Second, it is critical for Islamic financial institutions to better understand the clients and their needs for financial products and services, as such understanding will help to further expand the horizons of Islamic market. For example, the investment of Islamic financial institutions should shift focus from key-holdings constituting long term assets with large amounts of real estate, toward new asset classes and markets.
Third, it is important to further develop Islamic endowments (Waqf) which not only serves as a potentially effective wealth management instrument but also holds significant prospects for large-scale social development and poverty alleviation. Basically, developing financial institutions and trusts that provide advisory services on structuring and managing Waqf assets, enabling these waqfs to invest in various types of assets without any geographical limitation, free of administrative complexities will further enhance the development of the Islamic investment industry.
Fourth, it is important to adopt proper corporate governance in the Islamic investment industry in order to enhance the confidence of the investors and to ensure that markets are fair, efficient and transparent. This includes having proper disclosures requirements of all terms and conditions of the Islamic products, as well as transparency in disclosing financial information and indicators.
Creating adequate regulatory framework for Islamic investment products is another factor to further strengthen the Islamic Investment Markets. Such regulation should create the necessary framework for investment products targeting small, medium size, as well as accredited investors, who wish to invest their funds in accordance with Sharia principles. This regulatory framework should also cater for wide range of Sharia compliant investment products that include equity, sukuk, and various types of Islamic funds.

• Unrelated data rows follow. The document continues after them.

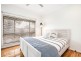 30 Auburn Street, Sutherland NSW 2232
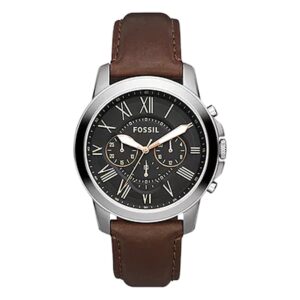 Fossil Grant FS4813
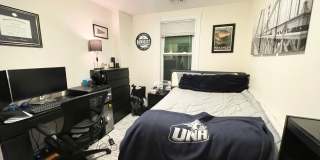 Beautiful 6 Bed Condo Style Apartment Available 9/1/26 Gallery 5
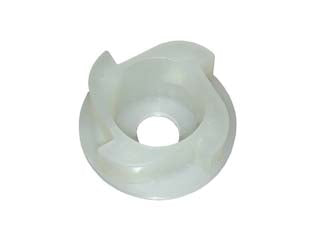 PULEGGIA EASY START PER MOTOSEGA LEGGERA CC.25,4 - 1 pezzi EXCEL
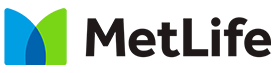 MetLife (1)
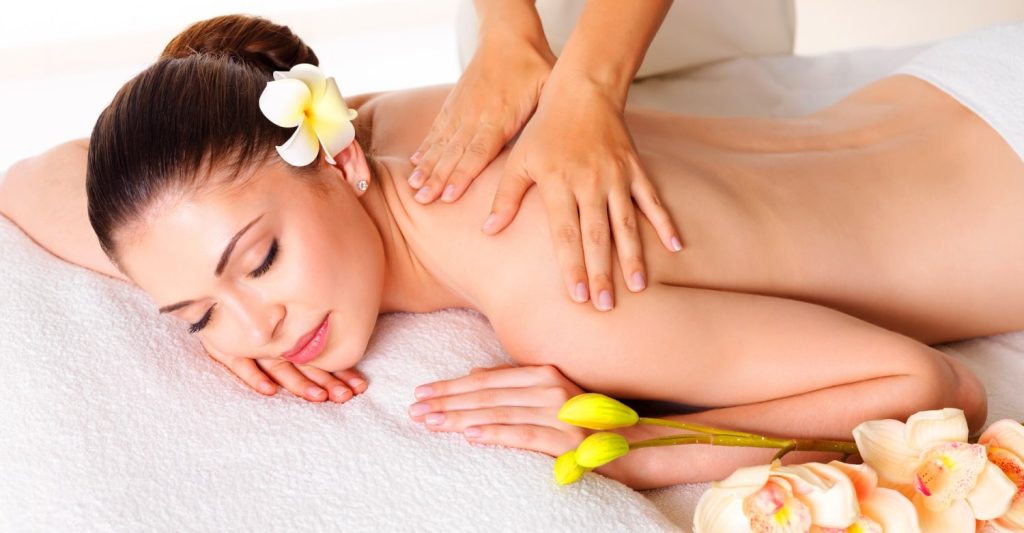 6 Tips for Finding the Best Business Trip Massage Services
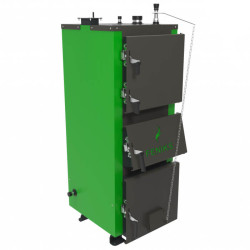 Feniks Серія K 17 кВт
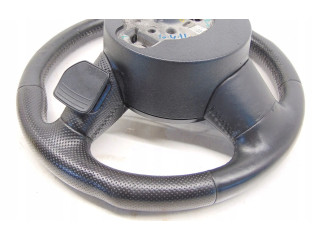 Руль Audi A7 S7 4G 2011 - 2017 года 4G0419091AA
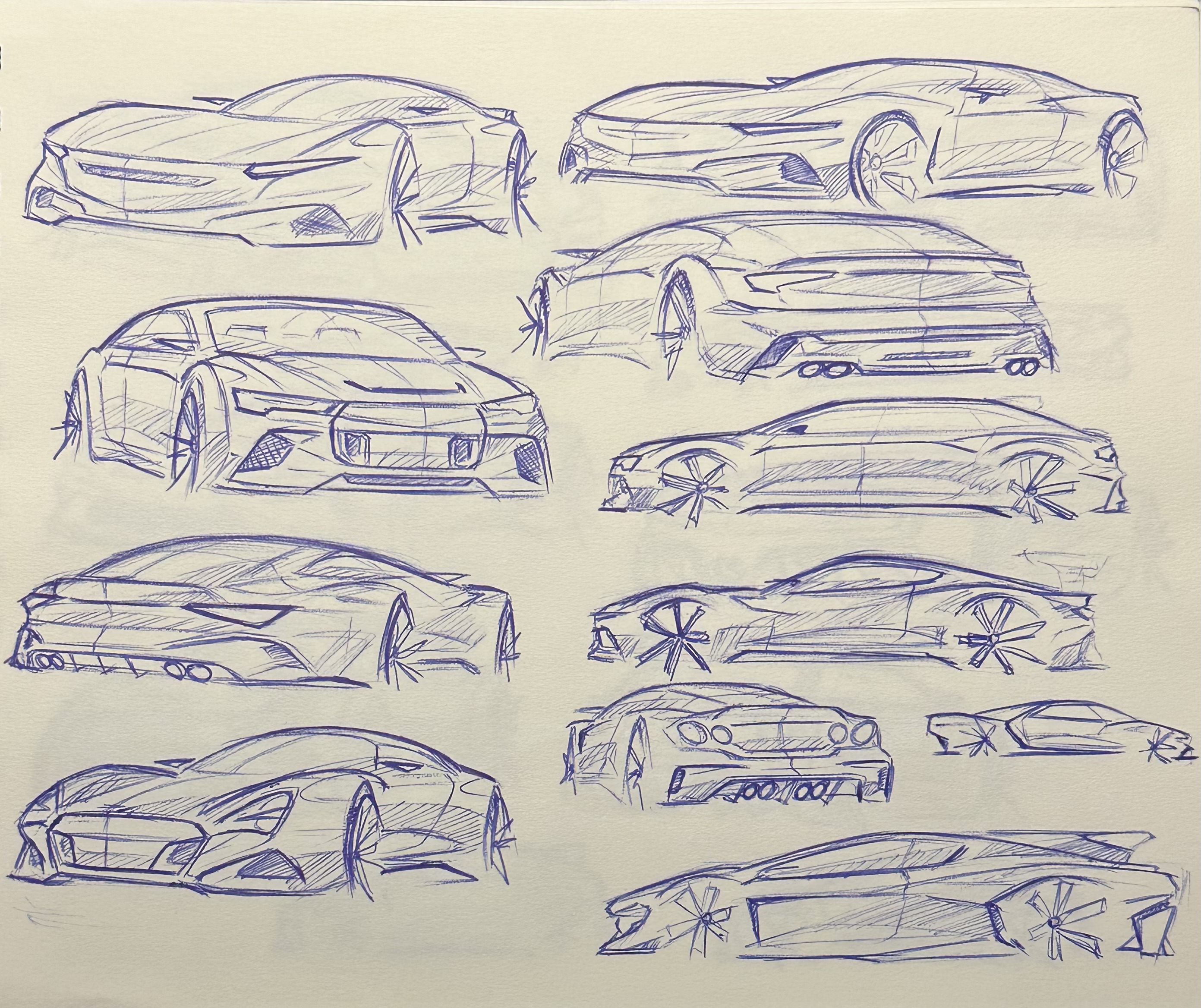 Sketch 10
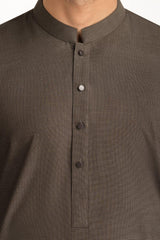 Basic Suits SK-P24-106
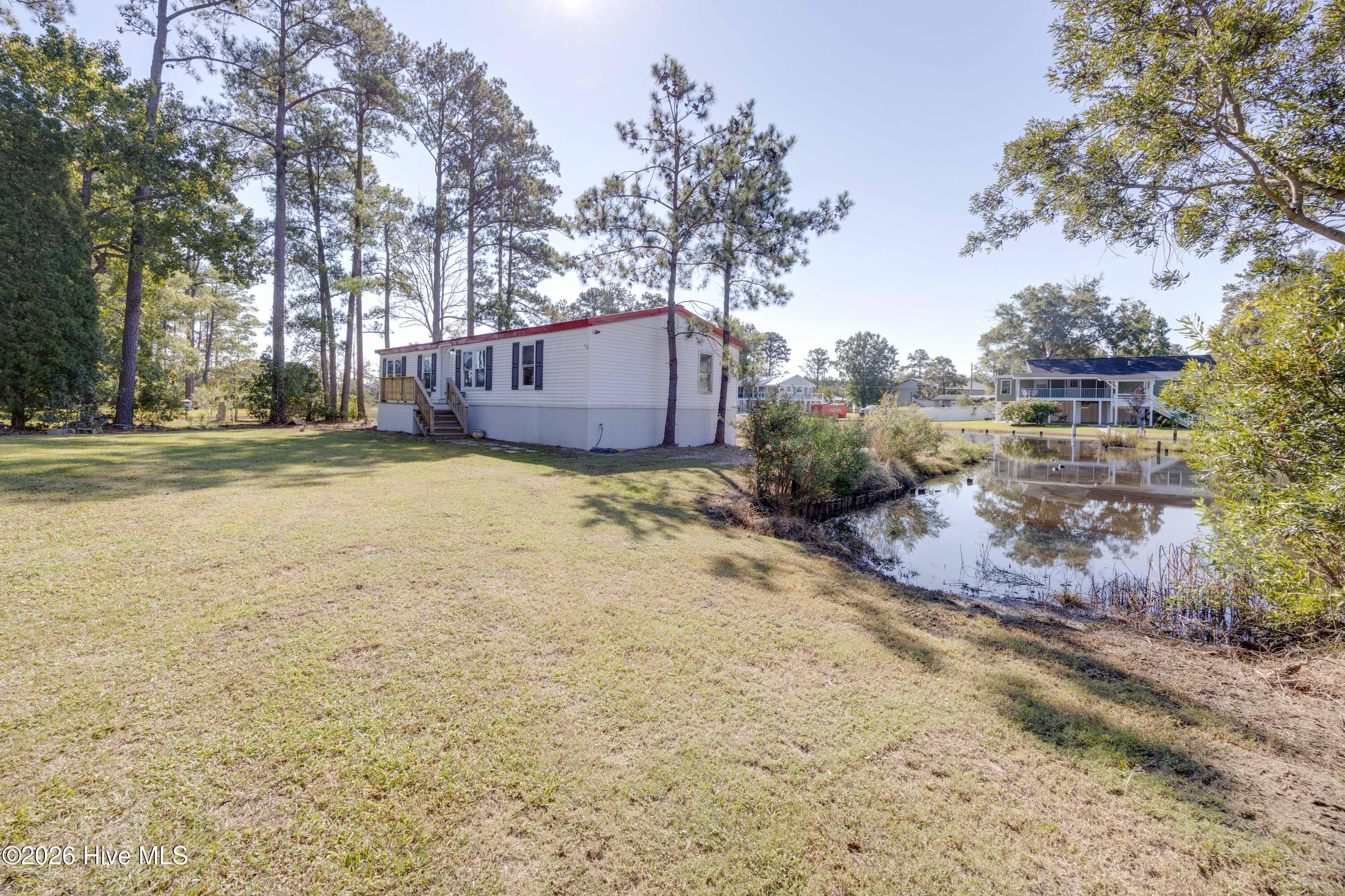 115 Hideaway Road Property Photo 25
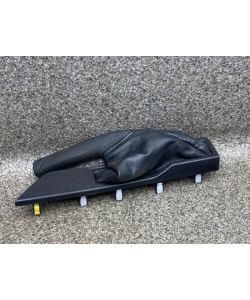 Verkleidung Handbremshebel 58809-42010 58839-42020 Toyota RAV4 IV 14.2008.060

Fifth, it is important to have sufficient number of professionals that are well versed in both the capital market and Sharia knowledge to further develop the Islamic investment industry. This, in turn, will further enhance the products development and improve the services to investors in the Islamic capital market.
Last but not least, it is important to further enhance talent, education and research and development to improve the efficiency and innovative capabilities of the Islamic financial industry.
“The CBB intends to remain at the forefront of the Islamic Finance and investment industry and we look forward to work closely with market players to further develop this key industry.”